This course should have prompted some reflections on your thinking and ideas about organisations, environmental management and innovation. Perhaps most importantly, you should have had an opportunity to further your understanding of why innovation is seen as key to environmental management, and to develop a critical view of the terms innovation and eco-innovation. This will help you begin to assess a range of environmental claims that an organisation may make concerning its operations and practices. This is not to say those claims are invalid, but you need to be aware of how innovation is being used – as well as when and why – in relation to environmental management.
As you have seen, innovation can be defined as incremental, disruptive and radical. The emphasis on eco-innovation, to signify the environmental aspects of a particular innovation, has also prompted thinking about the scale of the innovation from component to subsystem to system level, eventually leading to transformation of the system – expressed as, for example, more sustainable cities, societies or economies.

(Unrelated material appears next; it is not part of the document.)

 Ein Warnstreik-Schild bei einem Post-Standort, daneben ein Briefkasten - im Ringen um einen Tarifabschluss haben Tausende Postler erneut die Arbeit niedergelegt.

You’ve also begun to explore that what is considered ‘innovative’ is dependent on who is making the judgement, from what perspective, over what timescale and at what point in time. In other words, innovation is a relative term. Yesterday’s innovation may be today’s environmental disaster. An innovation adopted by an organisation today might be commonplace for another organisation that has been benefiting from it for several years. But above all, innovation is dependent on one’s perspective.
This course has also given you the opportunity to explore innovative ways of thinking about connections between organisations, environmental management and innovation. While notions of impacts are important, attempts such as ecosystem services and notions of the circular economy are trying to explore system-level understanding of connections. Equally the idea of a coupled system offers a more innovative and dynamic way of conceptualising the inter-connected aspects of human–environment relations.